A riguardo, occorre osservare che l’art. 3 della legge 31 maggio 1995, n. 218, rinviando alla Convenzione di Bruxelles ([16]), consente di convenire in Italia lo straniero nell’ipotesi in cui l’obbligazione contrattuale sia sorta nel territorio italiano.
In realtà, questa norma, avendo ad oggetto esclusivamente le ipotesi di obbligazioni contrattuali, risulta sostanzialmente applicabile solo nei casi di illecito concorrenziale ex art. 2598 del codice civile, per il quale è competente il giudice ordinario.
La disposizione in questione, dunque, non risolve il più generale problema dell’applicabilità della normativa in materia di pubblicità ingannevole ed, in particolare, delle competenze giurisdizionali e amministrative dell’Autorità Garante della Concorrenza e del Mercato.
D’altra parte, il decreto legislativo 74/92 non dispone alcunché a riguardo della competenza giurisdizionale sui rapporti tra soggetti di nazionalità diversa.

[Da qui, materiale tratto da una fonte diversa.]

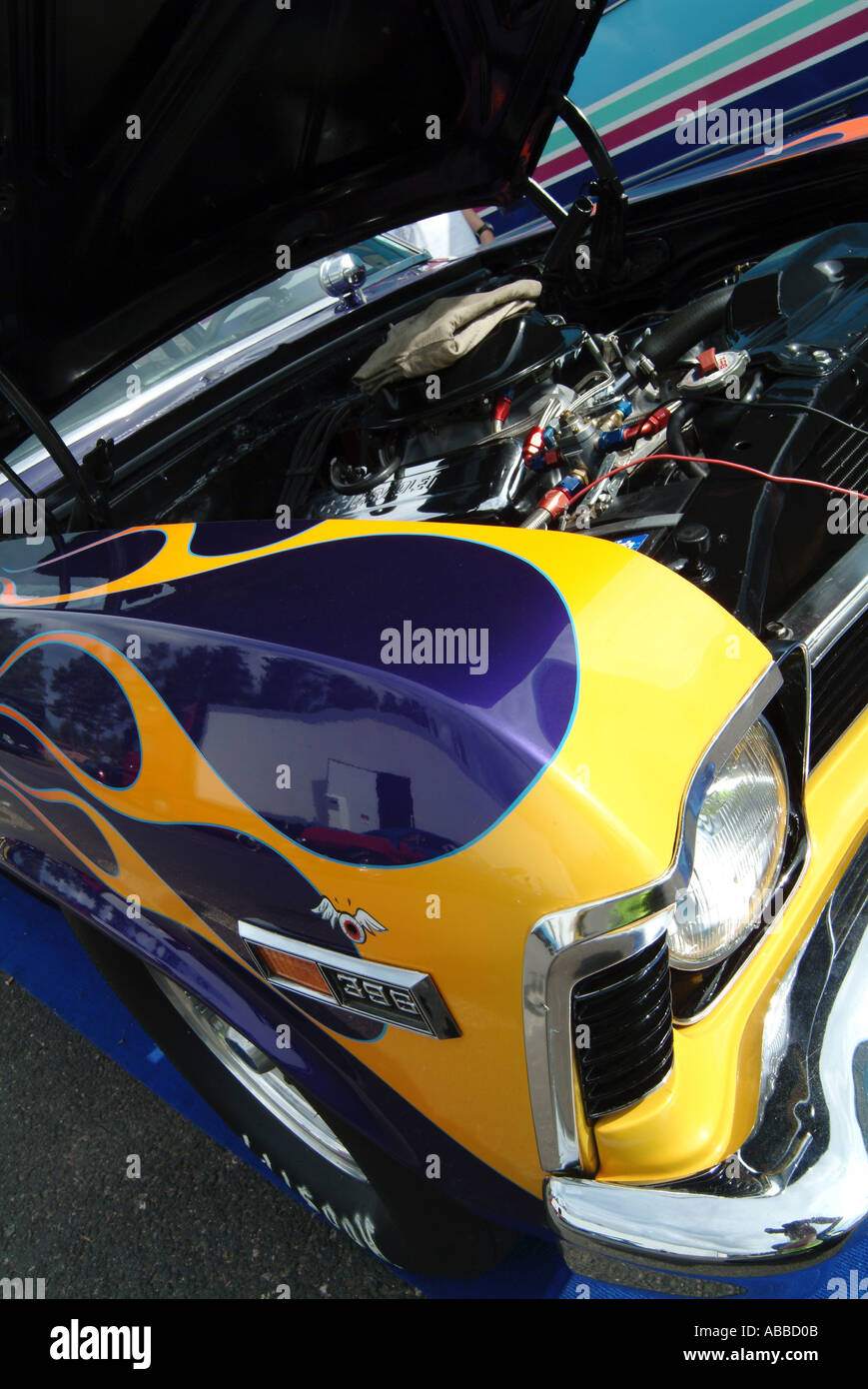 chevy nova drag car with a flame paint scheme muscle car general motors v8  american america us usa Stock Photo - Alamy, image size:869x1390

L’orientamento dell’Authority sembra essere quello di ritenere applicabile la normativa italiana, dunque, anche il D.Lgs. 74/92, ogni qualvolta il messaggio promozionale, seppur trasmesso da un server ([17]) straniero, sia divulgato fattivamente in Italia, e sia tale da indurre in errore i consumatori italiani, alterandone le scelte economiche.
Pertanto, la diffusione del messaggio nel territorio italiano ed il pregiudizio economico, inteso come alterazione concreta delle scelte dei consumatori, rimangono i requisiti di base in ragione dei quali l’Autorità potrà deliberare l’ingannevolezza di un messaggio pubblicitario anche se trasmesso via Internet da un Paese straniero.

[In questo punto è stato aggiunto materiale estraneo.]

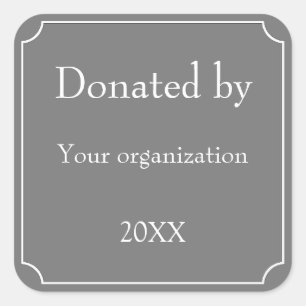 Donated By Template Square Sticker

A questo riguardo, merita di essere ricordata una sentenza della Corte di Giustizia dell’Unione Europea ([18]) dalla quale, trattando del problema della pubblicità transfrontaliera, trasmessa però a mezzo radiotelevisione, emerge come l’indirizzo comunitario sia volto essenzialmente al riconoscimento di competenze del giudice ordinario nazionale con alcuni limiti.
In attesa di uno specifico intervento normativo chiarificatore, dunque, appare corretto l’orientamento dell’Autorità Garante della Concorrenza e del Mercato.
Nell’ipotesi di messaggi generati in Italia e fruiti all’estero invece, è legittimo dubitare della competenza dell’Autorità Garante a conoscere della pretesa ingannevolezza, dal momento che comporterebbe una efficacia extraterritoriale di provvedimenti amministrativi.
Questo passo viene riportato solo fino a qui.